WHAT TO DO >>
Each line in the material below, starting at the one with "Coral branch eagle coin charm 14 crt gold" and ending at the one with "lululemon athletica Tops", is to be reproduced exactly; no picture is to be copied.

DATA TO PROCESS >>

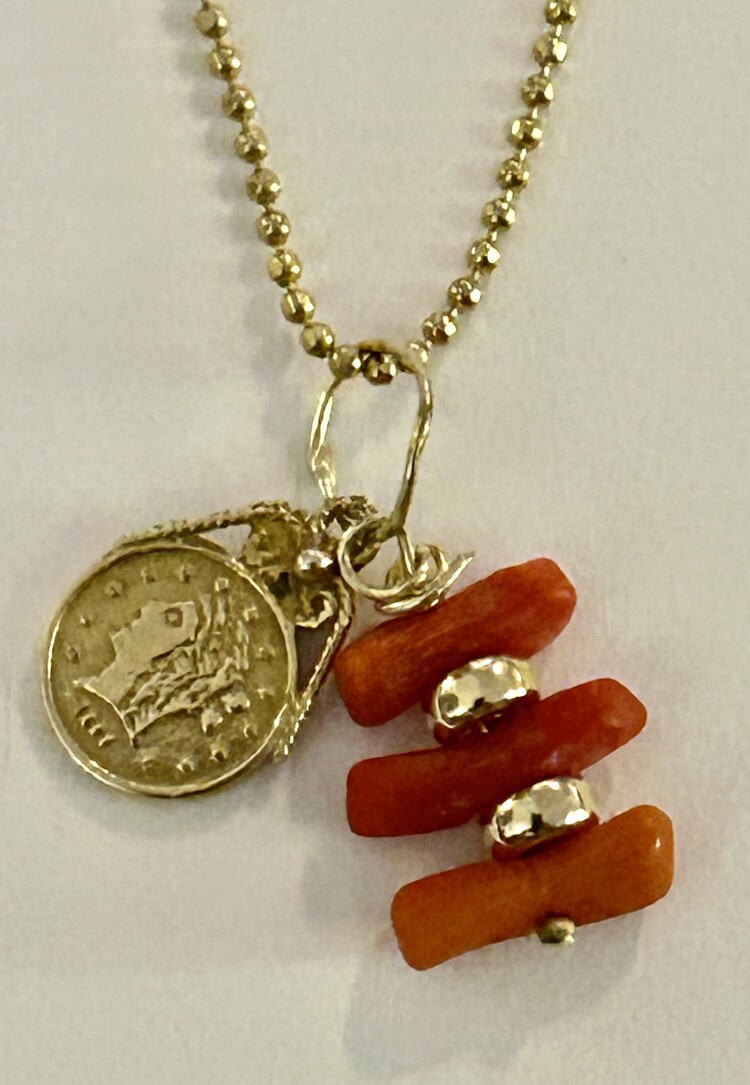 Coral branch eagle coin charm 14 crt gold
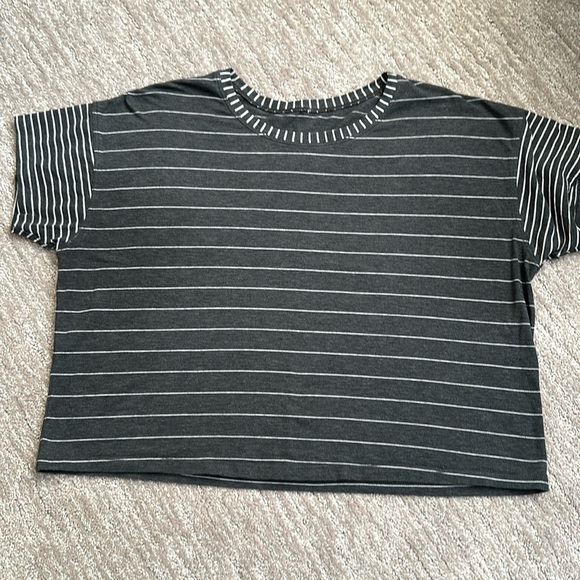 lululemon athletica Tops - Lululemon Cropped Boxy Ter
* * *
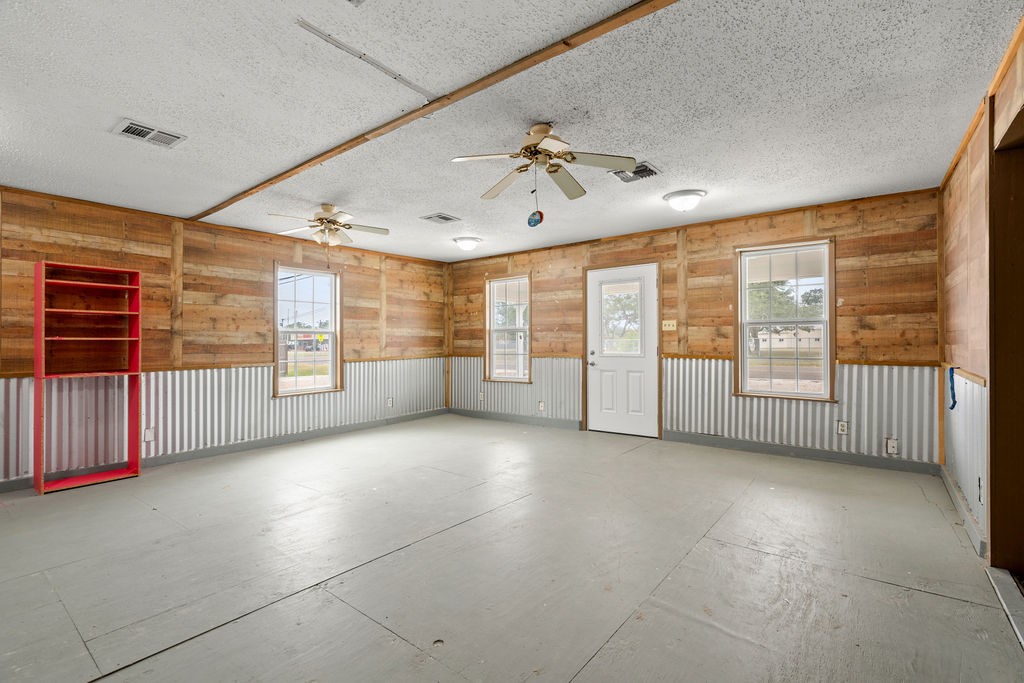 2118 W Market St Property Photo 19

TASK OUTPUT >>
 Coral branch eagle coin charm 14 crt gold
 lululemon athletica Tops - Lululemon Cropped Boxy Ter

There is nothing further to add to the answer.